Via Telephony: Phones can communicate to Vapi over a cellular network (i.e. phone call). One phone number dials to another phone number.
For our use case, it is most appropriate that customers will contact our assistant via an inbound
phone call. Though, we will look at both ways of calling in.
Call in the Dashboard
The quickest way to contact your new assistant is by simply using the call button on the assistant detail page:
Call into your assistant via the dashboard.
The dashboard uses the web SDK underneath to make web calls.
This will start a web call with your assistant, you can now speak to it to order your pizza & sides!
Call via Phone
Since our assistant is meant to take orders over the phone, we will want to set up inbound calling to our assistant. We will need to do 2 things:
provision a new phone number to sit our agent behind (it will pick-up calls that come in — hence “inbound calling”)
place our agent behind that phone number
If you already have your own phone numbers (purchased via Twilio or Vonage, etc), you can import
them into Vapi for use. Learn more about telephony on Vapi.
Provision a Phone Number
The quickest way to secure a phone number for your assistant is to purchase a phone number directly through Vapi.
Ensure you have a card on file that Vapi can bill before proceeding, you can add your billing
information in your dashboard at dashboard.vapi.ai/billing
Navigate to the “Phone Numbers” section & click the “Buy number” button:
Make sure you are in the 'Phone Numbers' dashboard tab.
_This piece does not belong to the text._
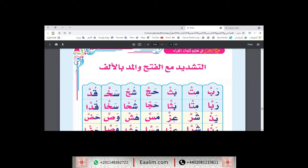Here, the letter Ba with Shadda consists of two letters. The first letter is Ba with Sukoon above it. You know Sukoon very well — this is two Ba's. The first one has Sukoon above it.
We will use the area code 415 for our phone number (these are area codes domestic to the US & Canada).
Choose an area code for your phone number.
Currently, only US & Canada phone numbers can be directly purchased through Vapi. Phone numbers in
other regions must be imported, see our phone calling guide.
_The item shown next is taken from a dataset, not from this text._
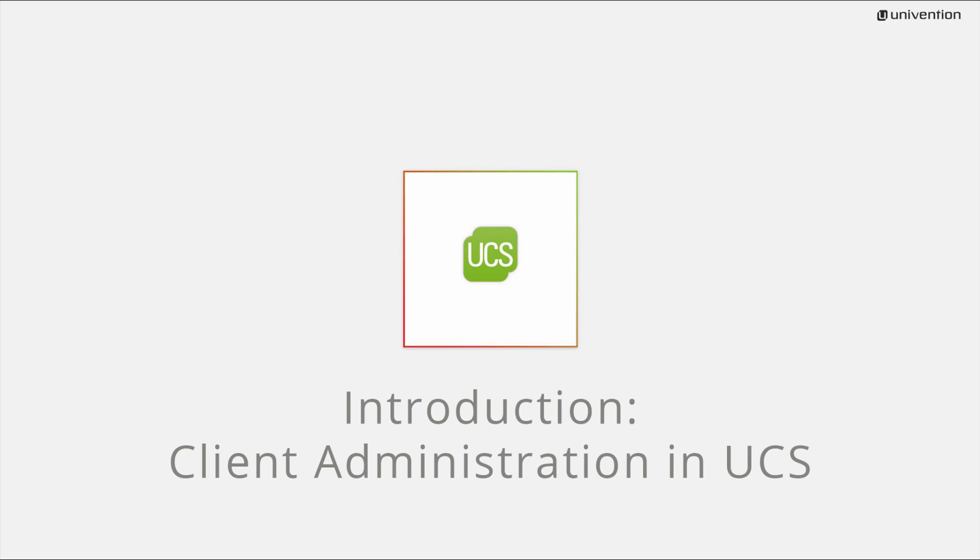Hi! In this video I show you a central component of UCS, the client administration.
Click “Buy”, after purchasing a phone number you should see something like this:
Here we can attach an assistant to the number for inbound calls (or perform an outbound call, with a select assistant).
The phone number is now ready to be used (either for inbound or outbound calling).
Attach Your Assistant
In the Inbound area of the phone number detail view, select your assistant in the dropdown under Assistant.
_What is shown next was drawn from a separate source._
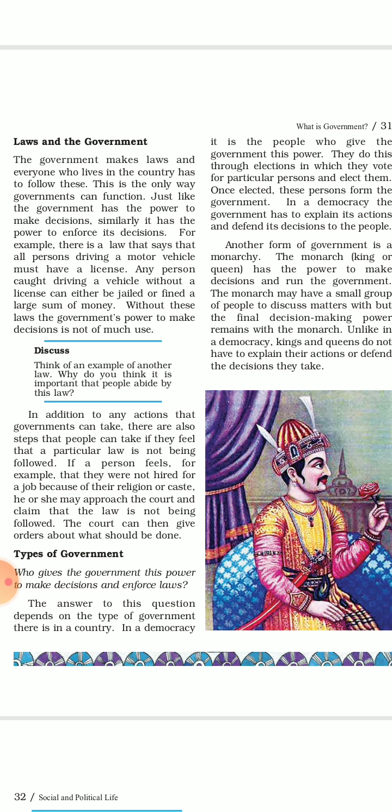As the government has the power to make decisions, similarly it has the power to enforce its decisions. For example, there is a law that says that all persons driving a motor vehicle must have a license. Any person caught driving a vehicle without a license can either be jailed or fined a large sum of money.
Your assistant will now pick-up calls made to this phone number.
This will put your assistant behind the phone number for inbound calls. Your assistant is now ready to take calls.
Your assistant should be able to accept calls & maintain a basic conversation. Happy ordering!
Your assistant won’t yet be able to hang-up the phone at the end of the call. We will learn more
about configuring call end behaviour in later guides.